◆ INFORMATION GIVEN
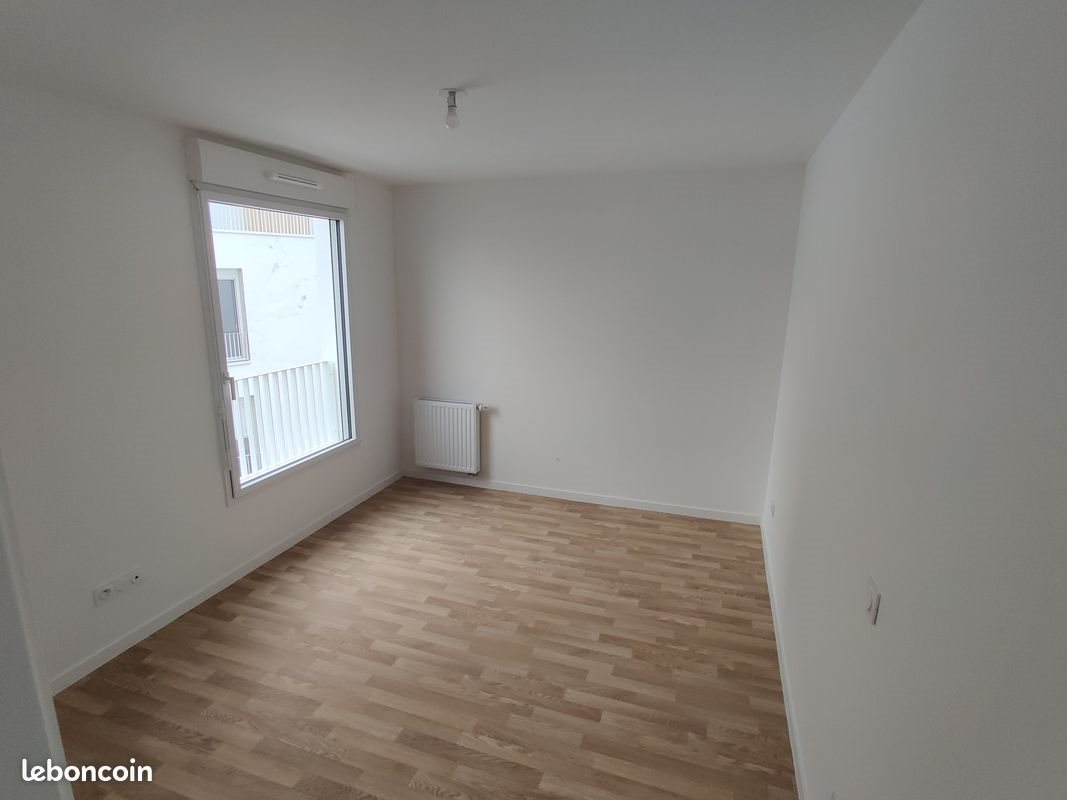 Appartement à louer, 44m², Les Sorinières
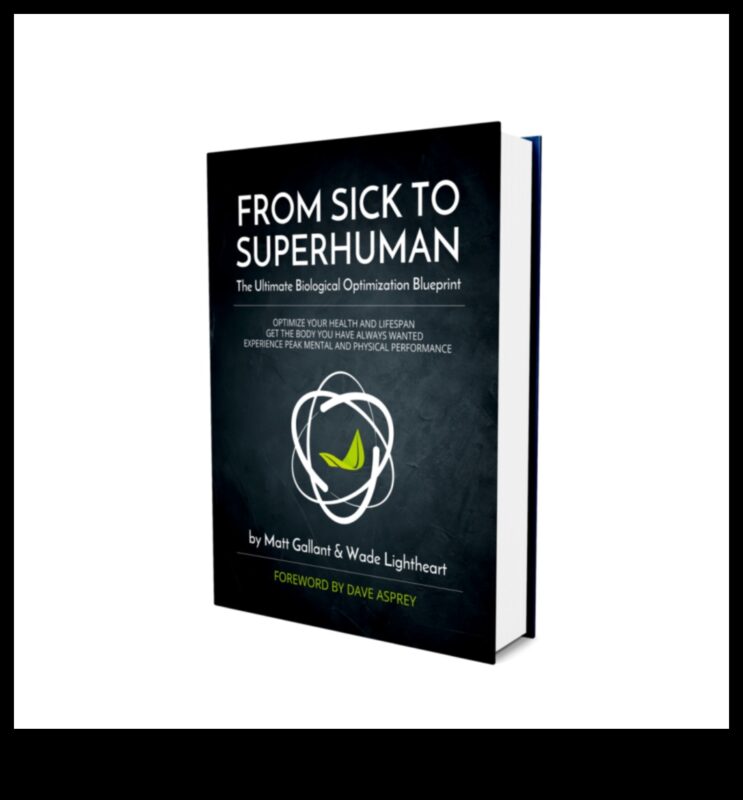 Planul biochimic: navigarea pe calea către o sănătate optimă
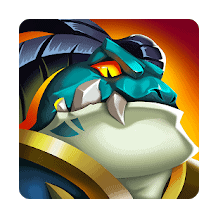 Idle Heroes Mod Apk (VIP 13/Gems/Coins) v1.25.0.p1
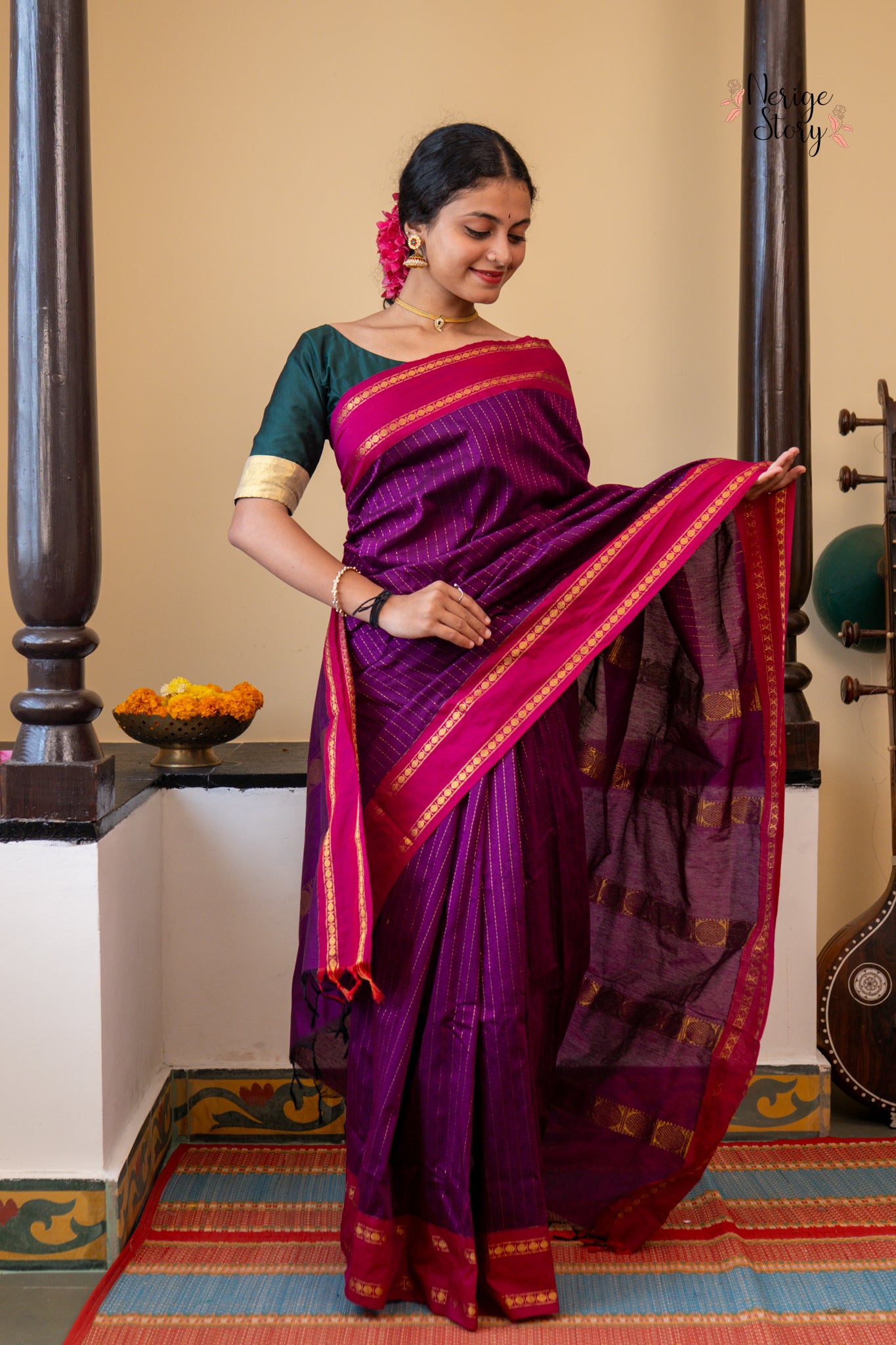 VARNIKA (ವರ್ಣಿಕಾ)
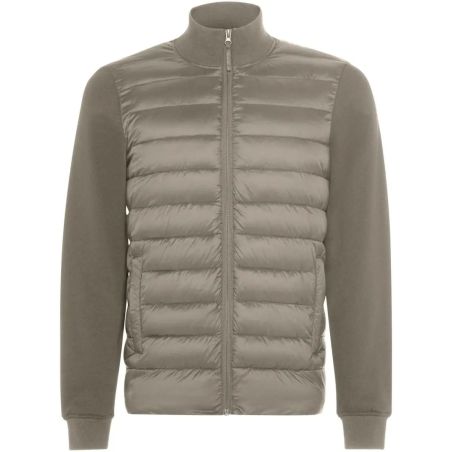 Chaqueta Unisex Acolchada Personalizada 6R8420
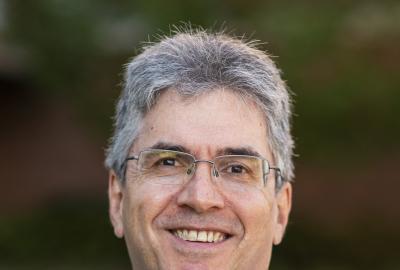 Kevin McIver headshot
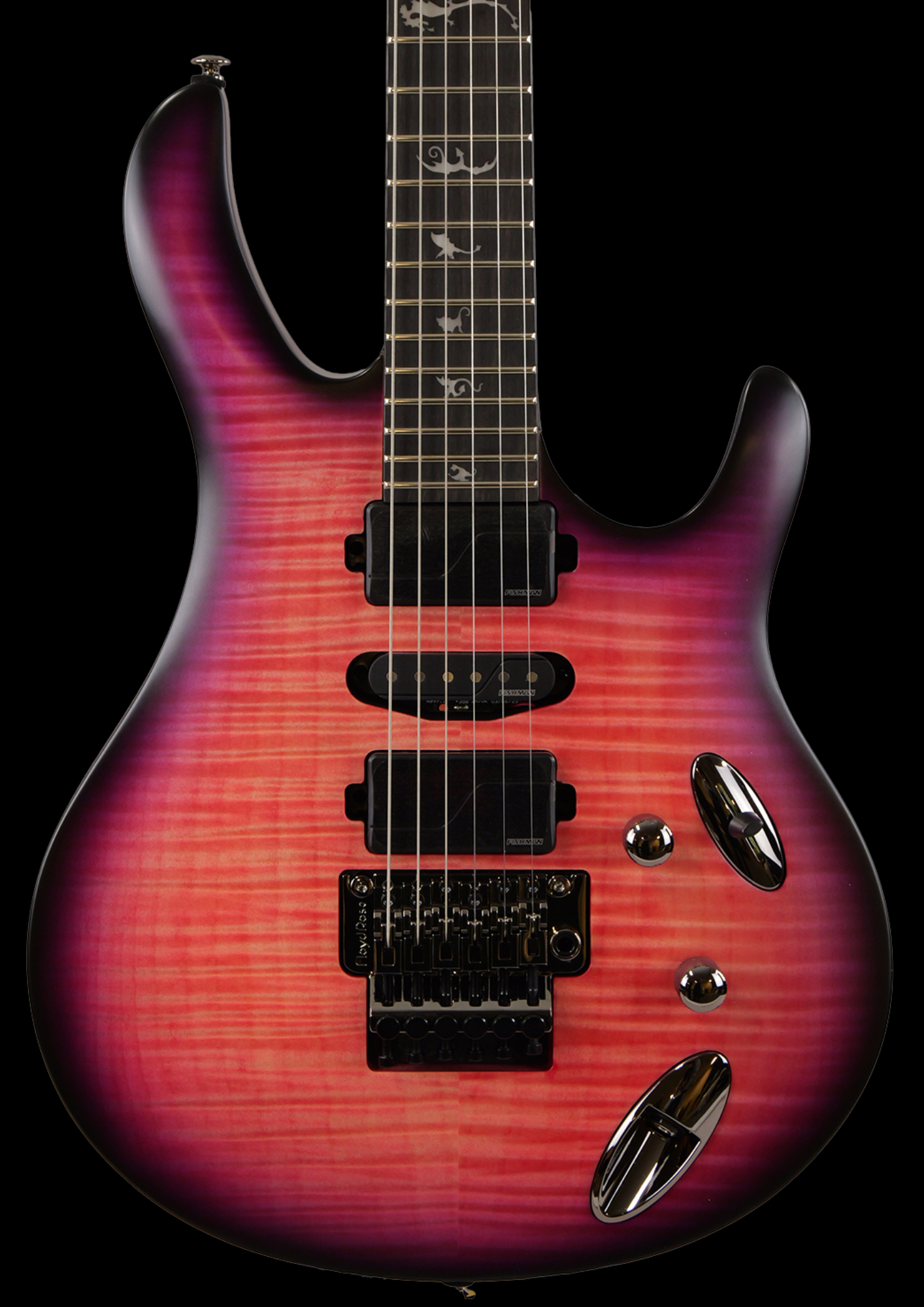Paul Reed Smith(PRS) SE Chleo (Orchid Dusk)
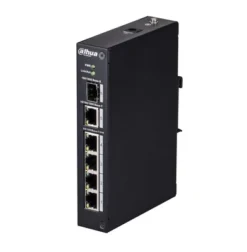 Dahua PFS3106-4P-60 Gigabit PoE Switch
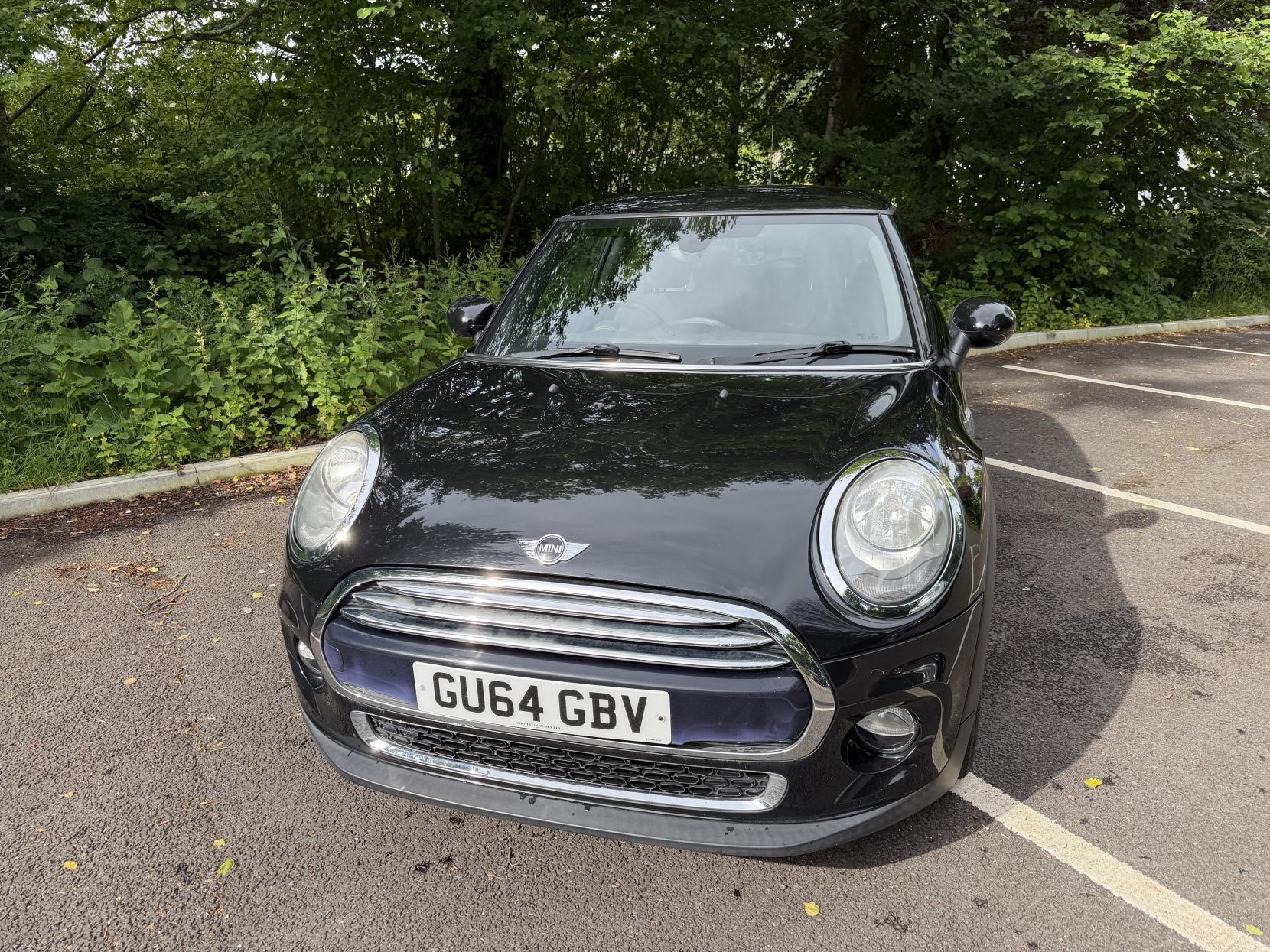 2014 Mini Hatch thumbnail 11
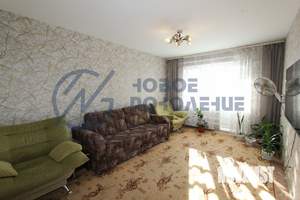 2-к квартира, вторичка, 55м2, 7/9 этаж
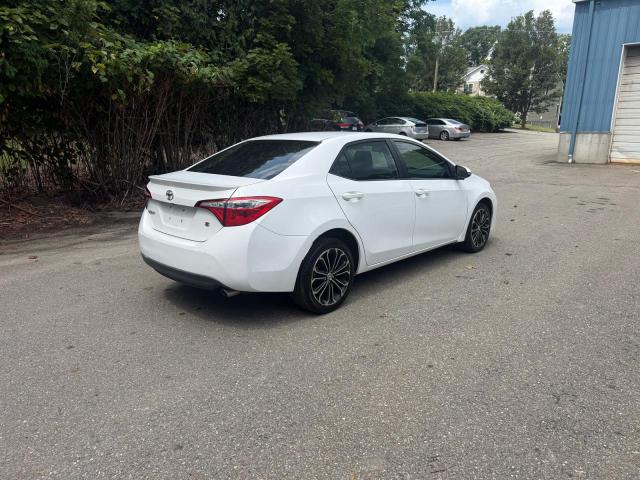 Aukcja sprzedaży 2014 Toyota Corolla, vin: 2T1BURHE3EC027496, numer aukcji: 68306716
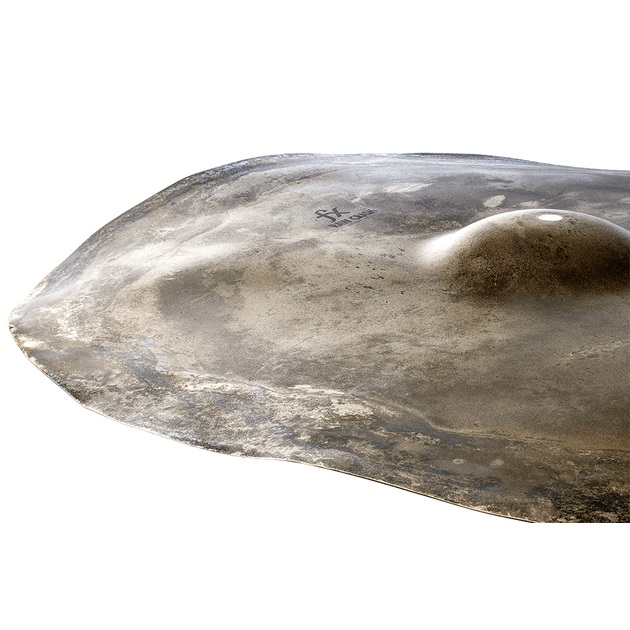 Zildjian FX Raw Crash Large Bell Cymbal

◆ WHAT TO PRODUCE
The result should hold only the lines from the line with "2-к квартира, вторичка, 55м2, 7/9 этаж" through the final line of the records above, copied exactly, with pictures left out.

◆ RESPONSE TO THE EXERCISE
 2-к квартира, вторичка, 55м2, 7/9 этаж
 Aukcja sprzedaży 2014 Toyota Corolla, vin: 2T1BURHE3EC027496, numer aukcji: 68306716
 Zildjian FX Raw Crash Large Bell Cymbal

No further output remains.